→ **Task to complete**
Make an exact copy of the listing below. Pictures stay out of it.

→ **Supplied material**

BEGIN

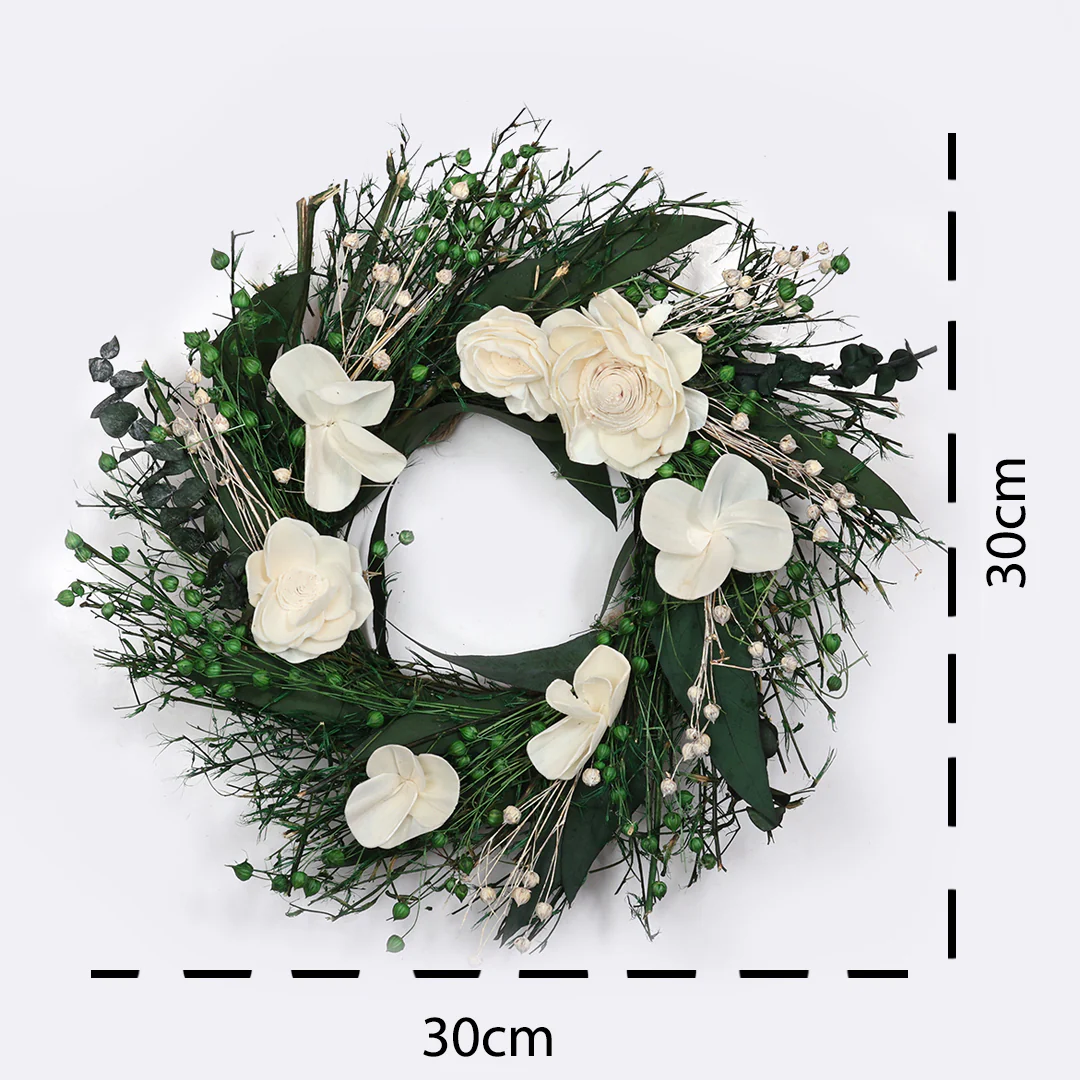 Elegant Evergreen Wreath - Image 3
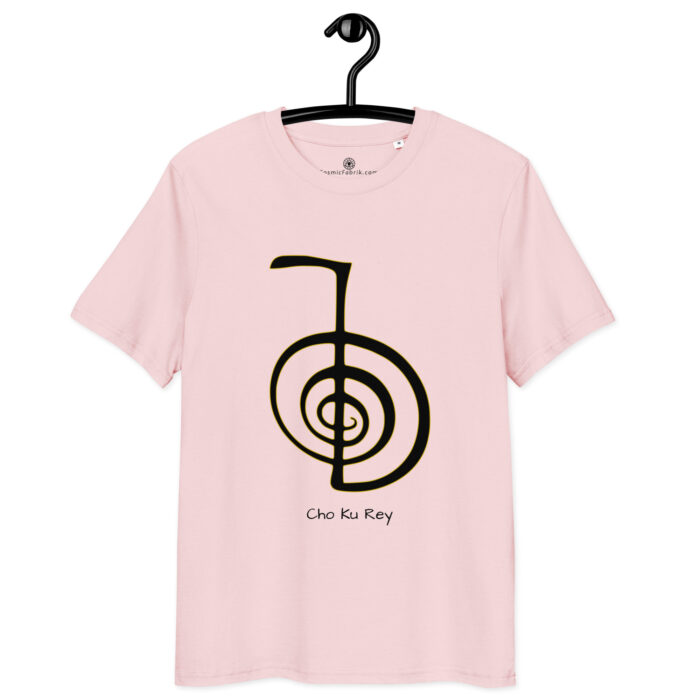 T-shirt Cho Ku Rei noir contour or – Activation énergétique Reiki – Image 9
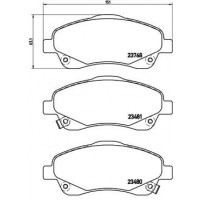 P 83 046 BREMBO Комплект гальмівних колодок дисковий гальм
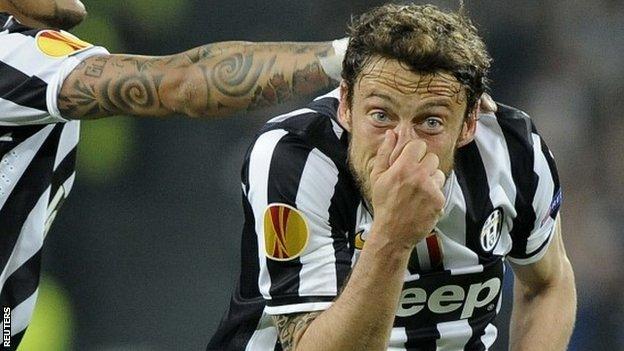 Juventus midfielder Claudio Marchisio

END

→ **Exercise output**
 Elegant Evergreen Wreath - Image 3
 T-shirt Cho Ku Rei noir contour or – Activation énergétique Reiki – Image 9
 P 83 046 BREMBO Комплект гальмівних колодок дисковий гальм
 Juventus midfielder Claudio Marchisio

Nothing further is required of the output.